Amazon Accused Of Copying Products And Rigging Search Results

By Rick Gonzales | 2 weeks ago

amazon copying

For the longest time, Amazon has been accused of producing knock-offs of products they sell on its website. For the longest time, Amazon has denied these accusations. Amazon has also been accused of using the vast collection of internal data to promote these knock-offs to boost their bottom line, thus harming sales to other sellers.

Now, though, and thanks to a deep dive by Reuters of thousands of pages of Amazon internal documents, Amazon’s denials are hollow and have no backing. They allege that the documents show Amazon ran a systematic knockoff campaign while also manipulating search results so as to boost their own product lines in one of Amazon’s largest growth markets – India.

This deep dive reportedly reveals just how manipulative Amazon in India was as its private-brands team secretly exploited internal data they culled from Amazon.in to replicate products sold by other unsuspecting companies. The documents then reportedly show how Amazon would then offer them on its platform. The job, though, wasn’t complete until employees beefed sales of Amazon’s private-brand products by maneuvering the company’s search results so their products would appear at the top, typically in the first two or three results to those customers shopping on Amazon.in.

One of India’s popular shirt brands, John Miller, was one of the many alleged victims of this heinous practice. The company is run by India’s “retail king”, Kishore Biyani, and has been very successful. Reuters says Amazon exploited this success by virtually copying John Miller shirts right down to neck circumference and sleeve length so those searching eyes would find the Amazon knockoff and purchase it. Amazon’s internal documents reportedly show that Amazon.in employees went about this by studying John Miller and other company’s proprietary data with the goal of identifying and targeting top-selling goods so they can replicate them for Amazon’s gain.

One example reported on was a brand that Amazon created for their Indian market called “Solimo.” The simple strategy behind the creation of this brand was to “use information from Amazon.in to develop products and then leverage the Amazon.in platform to market these products to our customers.” It’s worked because the brand has had a significant impact on goods throughout India and now the Solimo brand products are being offered on the U.S. Amazon website.

If this isn’t nefarious enough for one’s liking, Amazon went even farther in its quest for all out-retail supremacy. The document Reuter’s uncovered also shows that the employees working on Amazon’s own private label or brands in India had plans to work with the manufacturers of the products Amazon was trying to replicate. They felt that by teaming up with these manufacturers, they could produce a product that would come as close as possible to those other best-selling ones.

Reuters isn’t the only one that has been picking at this scab. Former employees have spoken out numerous times against the company’s business practices, from data manipulation to product copying. Amazon has continually shot down these accusations with founder Jeff Bezos even going before the U.S. Congress in 2020 to reassure that his company prohibits its employees, across the board, from poaching data from individual sellers to enhance their own private-label products. He also stated in his testimony, under oath, that employees do not alter search results in order for Amazon products to rank higher.

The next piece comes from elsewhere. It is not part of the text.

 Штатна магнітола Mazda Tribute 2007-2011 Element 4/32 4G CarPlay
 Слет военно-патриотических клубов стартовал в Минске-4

The internal documents paint a much different picture than what Bezos has laid out. Not only were products copied, search results manipulated, but these damning documents also allegedly show that high-level executives within Bezo’s circle were well aware of what was going on in India. Two executives were named – senior vice president Diego Piacentini (who has since left the company) and Russell Grandinetti, another senior vice president who currently runs the company’s international consumer business.

Amazon did respond to the details Reuters presented by stating, “As Reuters hasn’t shared the documents or their provenance with us, we are unable to confirm the veracity or otherwise of the information and claims as stated. We believe these claims are factually incorrect and unsubstantiated.”They did not go any further in that regard. They also didn’t touch on documented evidence concerning the employees copying other companies’ products to boost their own private labels.

Amazon did, though, speak out on search results first by saying their results in no way favor its private-brand products. “We display search results based on relevance to the customer’s search query, irrespective of whether such products have private brands offered by sellers or not,” Amazon told Reuters. They also added that it “strictly prohibits the use or sharing of non-public, seller-specific data for the benefit of any seller, including sellers of private brands.”

Amazon also noted that they investigate any reports of untoward employee violations regarding this policy.

This Reuters’ revelation only underscores the fact that Amazon finds itself under investigation for alleged anti-competitive practices causing major harm to other businesses. These investigations are pretty much worldwide as they are ongoing in the United States, Europe, and India.

Amazon joined the Indian e-commerce market in 2013 and it wasn’t a big hit, not in the least. They lost millions, so to make their business sustainable, they needed a new market strategy. The decision was to introduce to India their already established private brands such as AmazonBasics, as well as new brands tailored to cater to India. What they allegedly did instead was copy, paste, and repeat. Their own internal documents are proof positive that Amazon has not been running their business on the up-and-up.

Will Bezos and his cronies pay? We’ll keep an eye on this one as it unfolds.